The body of a 2-year-old Nebraska boy who was snatched off a Walt Disney World beach by an alligator and dragged underwater was recovered Wednesday, ending a ghastly search at one of the world’s most popular tourist destinations.
Divers found the body of Lane Graves about 16 hours after authorities first got the call that a reptile had taken the boy at Seven Seas Lagoon.
Sheriff Jerry Demings said it appeared the gator drowned the child and left the body near the spot where he was last seen. An autopsy was planned.
“Of course the family was distraught but also, I believe, somewhat relieved that his body was found intact,” Demings told a news conference.
The boy’s parents were identified as Matt and Melissa Graves of Elkhorn, Nebraska, a suburban area of Omaha. A family friend released a statement on behalf of the couple, thanking well-wishers for their “thoughts and hope-filled prayers.”
Disney World closed beaches around Seven Seas Lagoon during the search, and it was not immediately clear when they would reopen.
While “no swimming” signs are posted at the beach where the boy was attacked, no signs warn about alligators. The company representative said it would “thoroughly review the situation for the future.”
Demings said his agency and the state wildlife agency would look into the issue of warning signs. The sheriff said investigators would also review whether the boy’s parents should be charged, but it’s not likely.
“There is nothing in this case to indicate that there was anything extraordinary” in terms of neglect by the parents, Demings said.
Wildlife officials said the attack was a rarity in a state with a gator population estimated at 1 million. But it still spooked visitors in a city built on tourism.
“We have been to Yellowstone and encountered grizzly bears, but this is just freaky,” said Minnesota tourist John Aho, who was staying at the park with his wife, Kim, and their 12-year-old son, Johnny.
Kim Aho said their son was “a little freaked out about the gator.”
The child had waded no more than one or two feet into the water of the lagoon around nightfall Tuesday when he was taken from a small beach, authorities said.
The boy’s father desperately tried to fight off the gator, suffering lacerations on a hand, but he could not save his son.
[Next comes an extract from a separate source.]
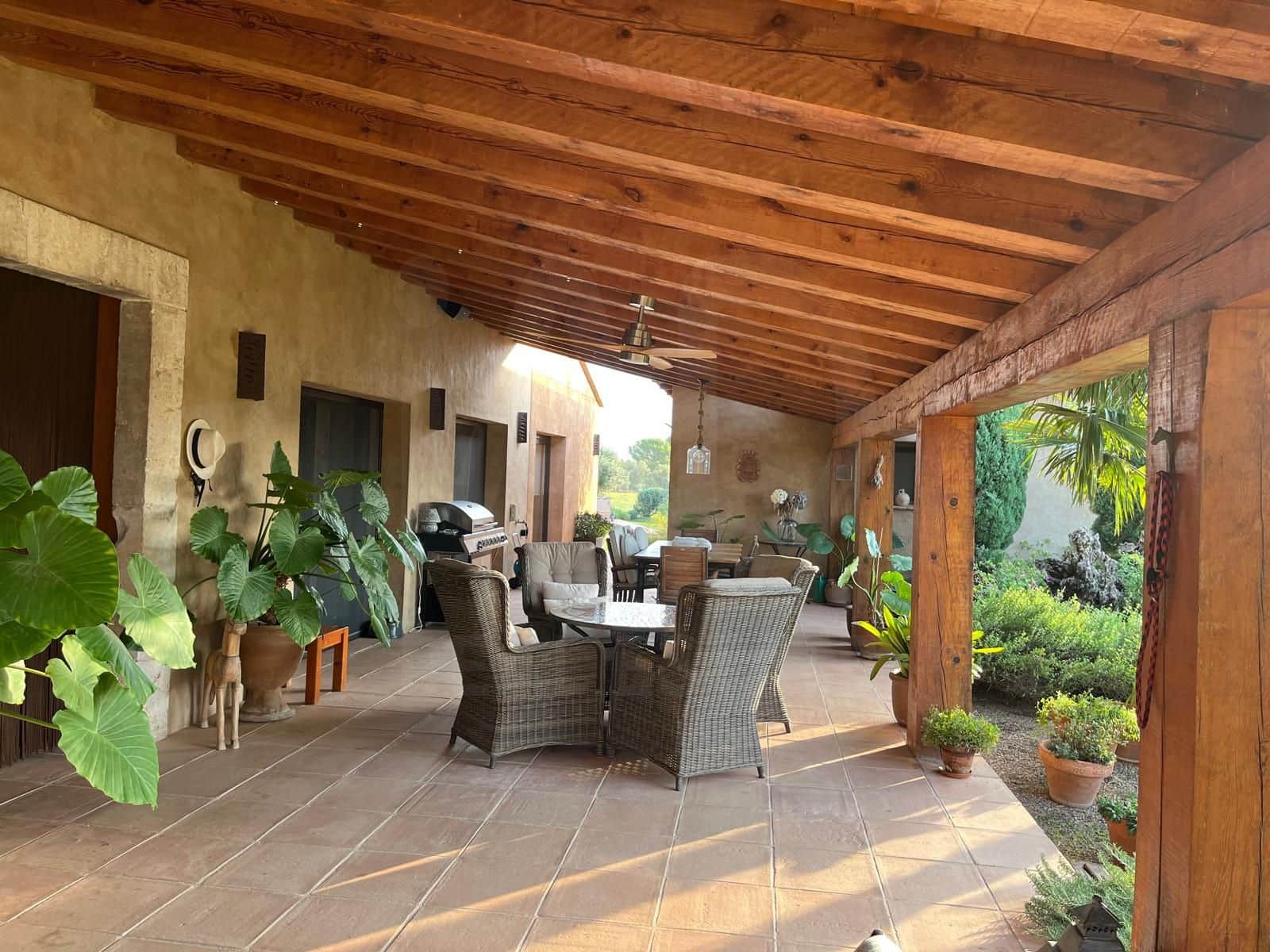 8 chambre Finca/Maison de Campagne à vendre à Montbrio del Camp avec piscine garage - 1 650 000 € (Ref: 10101237)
Neither could a nearby lifeguard, officials said.
No other alligator attacks have been reported on the man-made lake, according to Demings.
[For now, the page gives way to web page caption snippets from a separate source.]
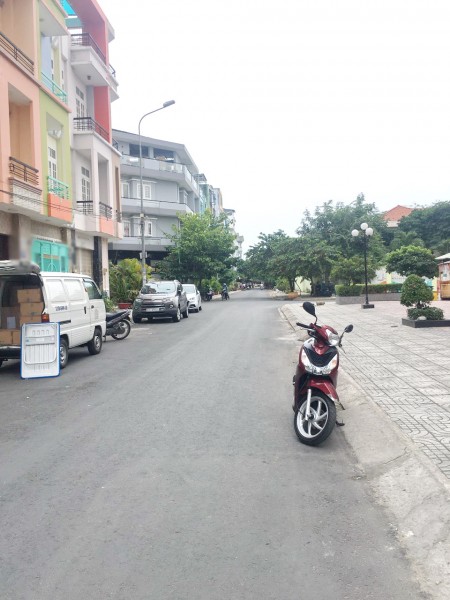 Cho thuê nhà 2 lầu mặt tiền NB đường Bông Sao Phường 5 Quận 8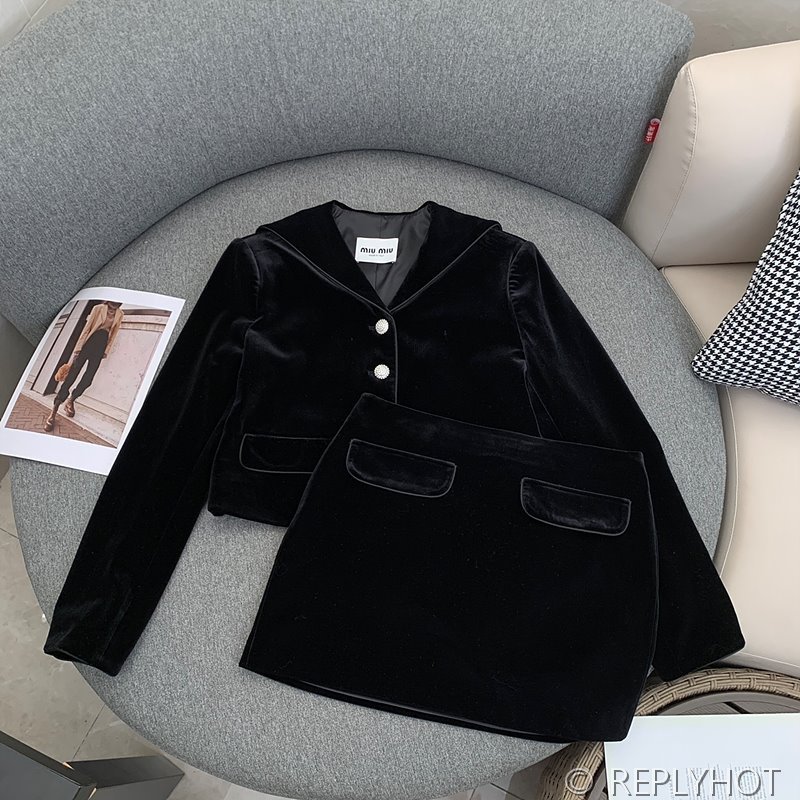 미우미우 싱글 브레스트 벨벳 재킷 스커트 세트 [매장가 810만원대]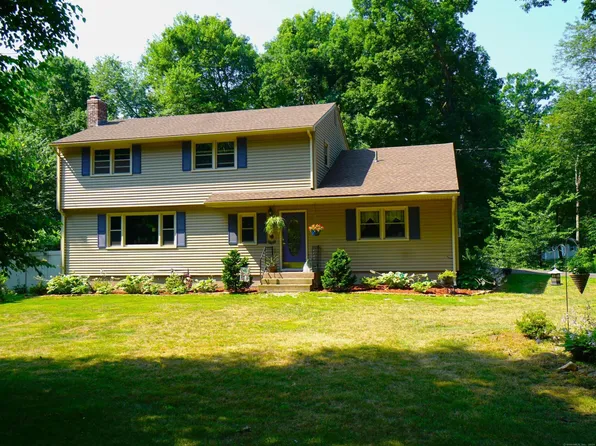 83 Duncaster Lane, Vernon, CT 06066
Some visitors were surprised to learn the reptiles lived on the property.
“My question is, why are there alligators in there?” said Michelle Stone, who lives near Detroit and was visiting Disney for 10 days with her two children.
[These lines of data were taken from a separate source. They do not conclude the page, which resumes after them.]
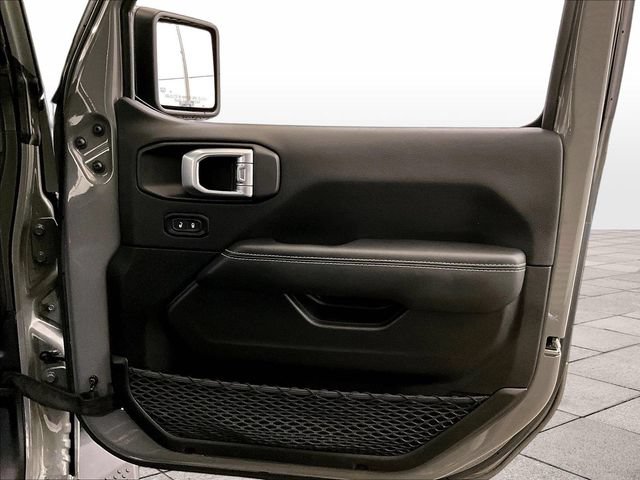 Used 2022 Jeep Wrangler Unlimited Sahara w/ Cold Weather Group AWD/4WD image 23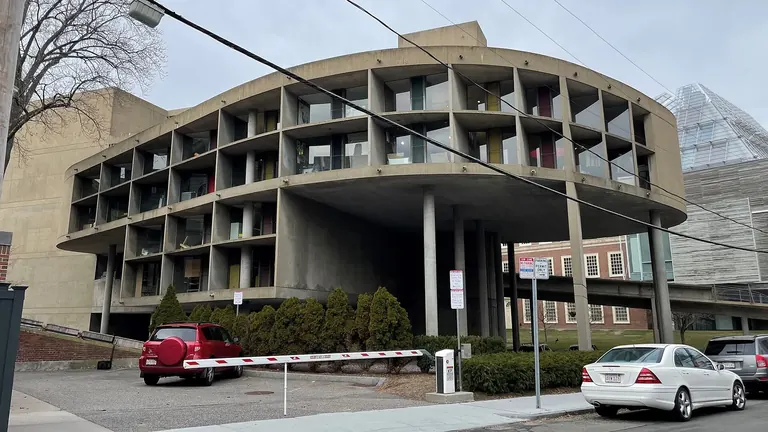 North-west view of the Carpenter Center for the Visual Arts, showing Le Corbusier's cantilevered concrete ramp and brise-soleil facade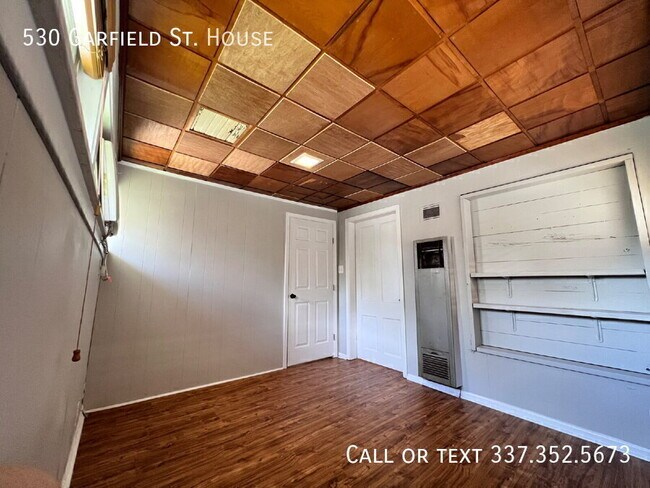 Building Photo - 530 Garfield St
A Disney spokeswoman did not immediately reply to a message seeking comment. The sheriff said the company has a wildlife management system and has “worked diligently to ensure their guests are not unduly exposed to wildlife here in this area.”
Nick Wiley with the Florida Fish and Wildlife Conservation Commission said witnesses estimated that the alligator was four feet to seven feet long.
The beach where the reptile grabbed the child is part of the luxury Grand Floridian resort, across the lake from Disney’s Magic Kingdom theme park. The lake stretches over about 200 acres and reaches a depth of 14 feet. It feeds into a series of canals that wind through the entire Disney property.
More than 50 law enforcement personnel searched the well-tended lagoon along with an alligator tracker and marine units equipped with sonar to search the lake’s sandy, mostly flat bottom.
Though Florida has grown into the nation’s third-most-populous state, fatal alligator attacks remain rare. Since 1973, 23 people have been killed by wild alligators in Florida, according to data compiled by the Florida Fish and Wildlife Conservation Commission.